In United States v. Trigg, 878 F.2d 1037 (7th Cir.1989), we explained that our fourth amendment inquiry in cases involving allegedly pretextual stops is a narrow one: "so long as the police are doing no more than they are legally permitted and objectively authorized to do, an arrest [or stop] is constitutional." 878 F.2d at 1041. We eschewed in Trigg the subjective motive examination in which the defendants ask us to engage, because of the obvious and very significant difficulties that inhere in such attempts to peer into the minds of law enforcement officers. Id. at 1040; see also Maryland v. Macon, 472 U.S. 463, 470-71, 105 S.Ct. 2778, 2782-83, 86 L.Ed.2d 370 (1985); Scott v. United States, 436 U.S. 128, 136, 98 S.Ct. 1717, 1722, 56 L.Ed.2d 168 (1978). Instead, we articulated a two-pronged objective inquiry into the lawfulness of an allegedly pretextual stop or arrest: we ask first, whether law enforcement authorities had reasonable suspicion to make the stop or probable cause to make the arrest, and second, whether the officers involved were authorized under state or municipal law to effect the stop or arrest in question. 878 F.2d at 1041. 2

Applying the Trigg test in this case, we find that the troopers' stop of Fiala's car did not violate the fourth amendment. Under Sec. 11-709 of the Illinois Vehicle Code, the troopers did indeed have cause to stop the Ford for partially swerving off the roadway. The district court found the troopers' testimony regarding Fiala's erratic driving credible, and we defer to that finding. The second prong of the pretext inquiry is easily met as well: under Sec. 16-102 of the Vehicle Code, state troopers are authorized to enforce the Illinois traffic laws as they did in this case. See Ill.Rev.Stat. ch. 95 1/2, Sec. 16-102. We conclude that the stop of Fiala's car was not pretextual and did not violate the fourth amendment.

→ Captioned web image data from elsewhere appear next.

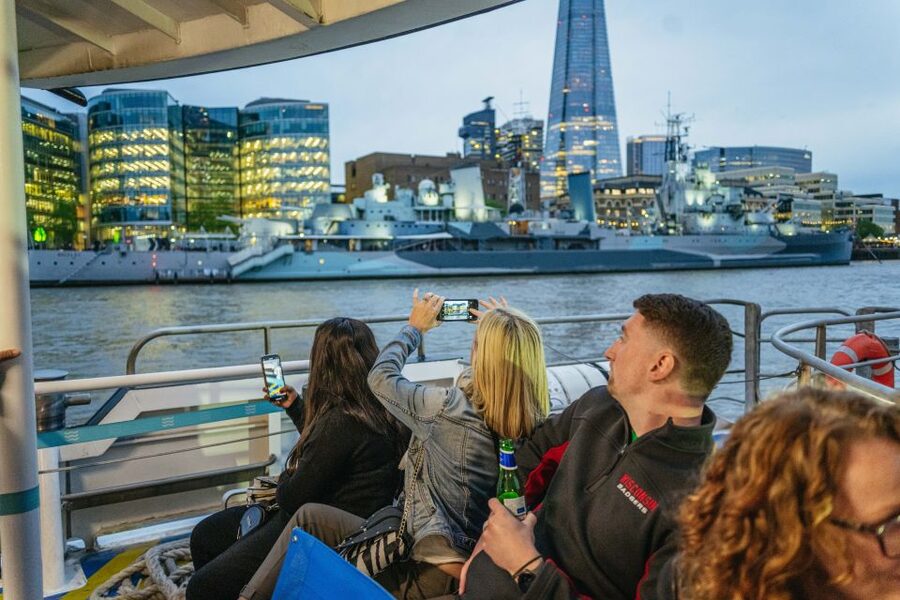London: Ghost Walk and River Thames Boat Ride - St James’s Palace and London’s royal secrets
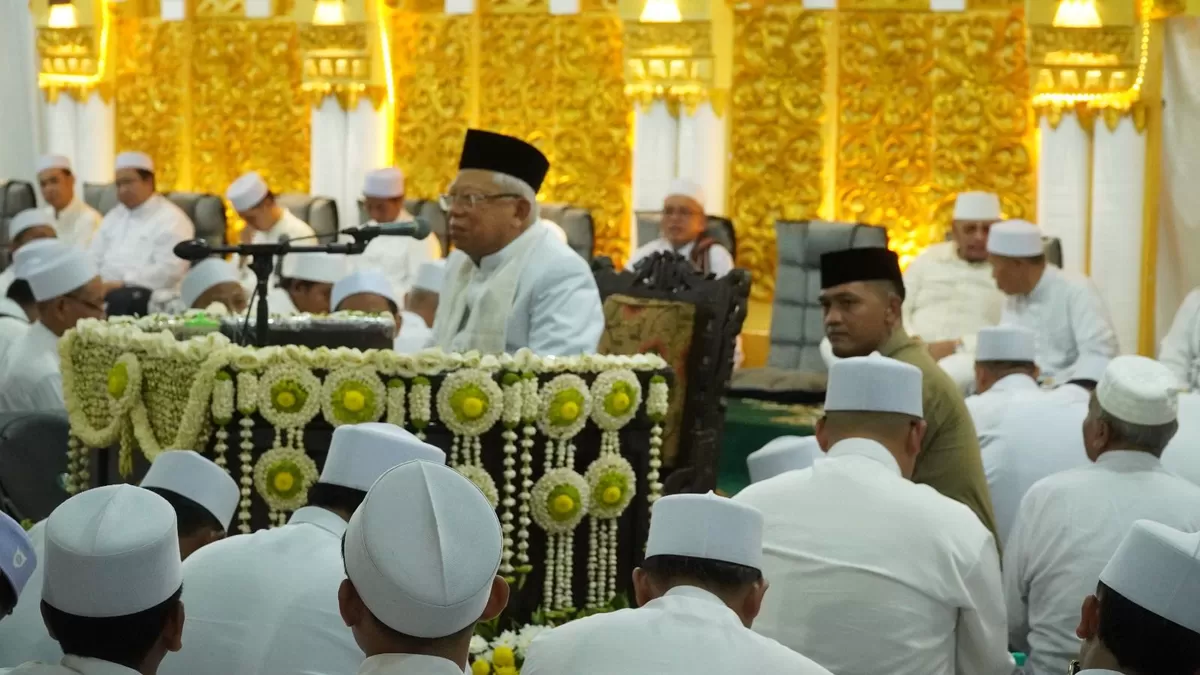Mantan Wapres Maruf Amin saat mengisi Acara Haul Tegal Raya (AGUS R)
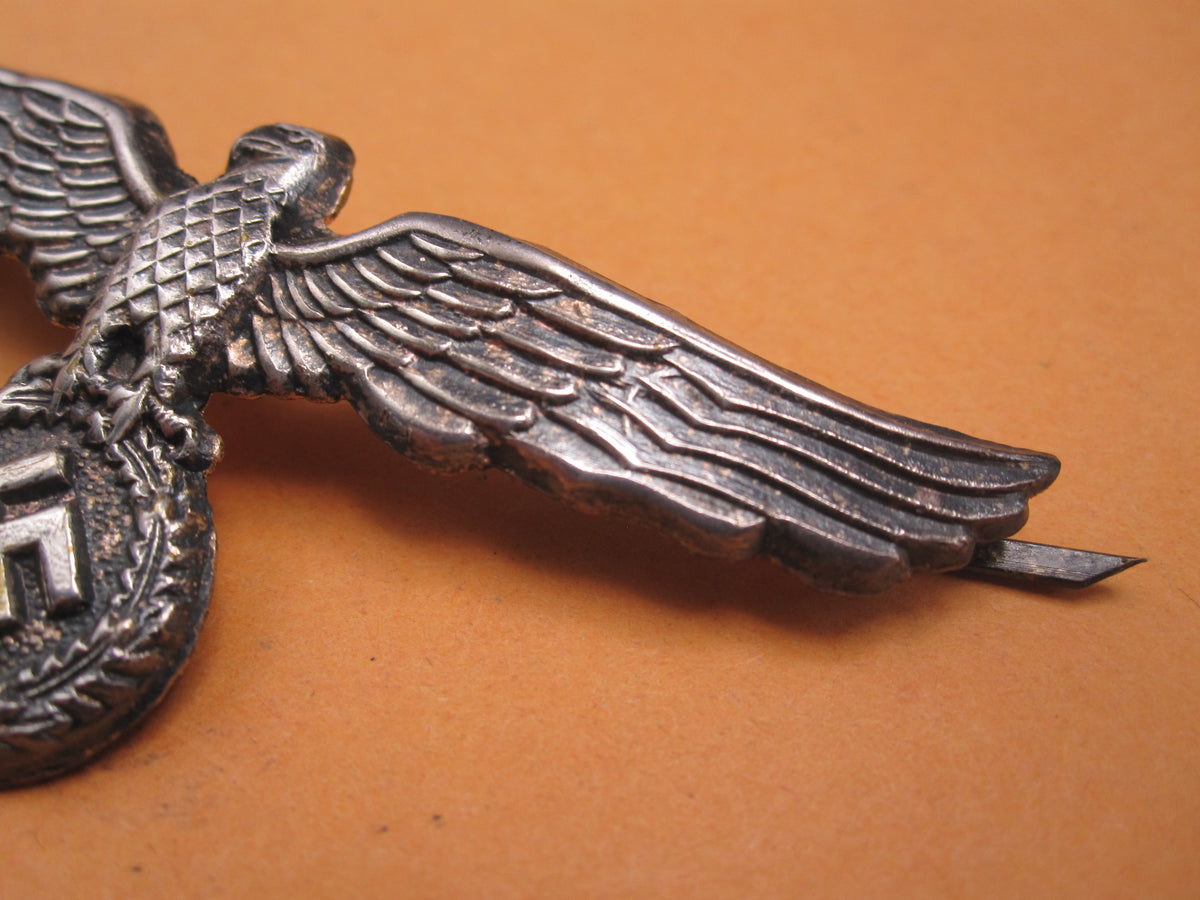 H.W.  -   -  Reichsfinanzverwaltung Zollgrenzschutz Mützenabzeichen in Mint Condition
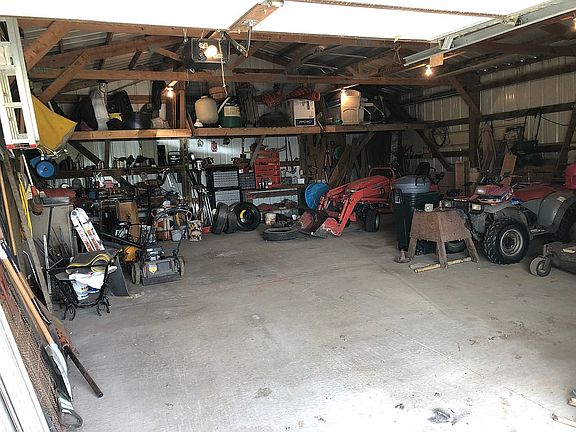 inside of 30x36 shop 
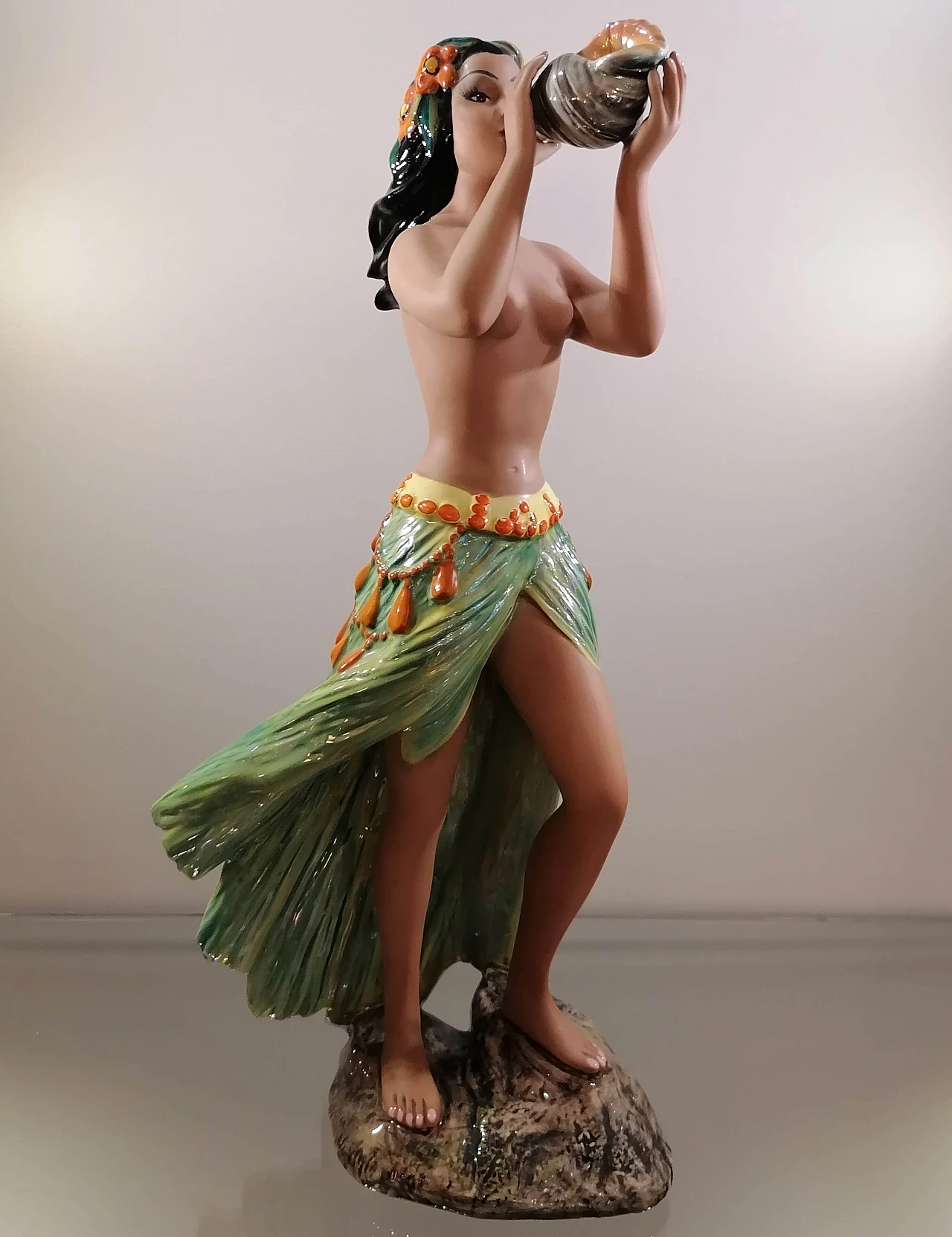 Scultura di donna Hawaiana che suona in ceramica Ronzan, anni '50 1445408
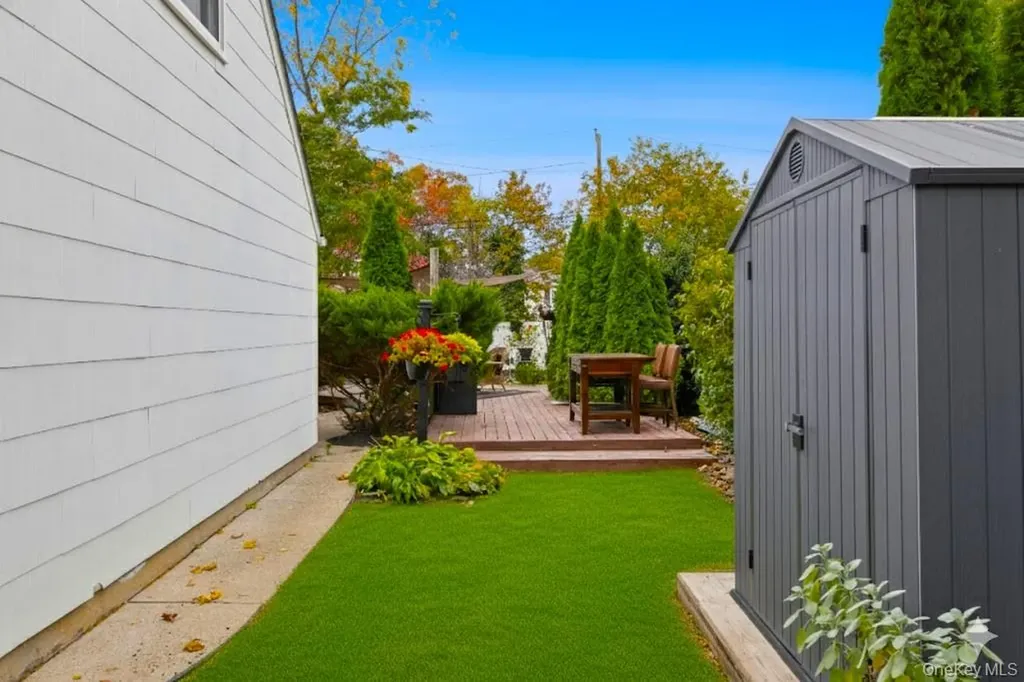 40 Straw Lane Islandia NY 11749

B. Constitutionality of the Search

Defendants tender a number of challenges to the troopers' search of the car. They contend that their consent to the search was deficient, that they were unreasonably seized during the 1 1/2 hour roadside wait for the drug-sniffing dog, and that the troopers did not have probable cause to search the closed briefcase in the backseat of the car in the absence of a positive sniff from their trusty mastiff, Kimmo.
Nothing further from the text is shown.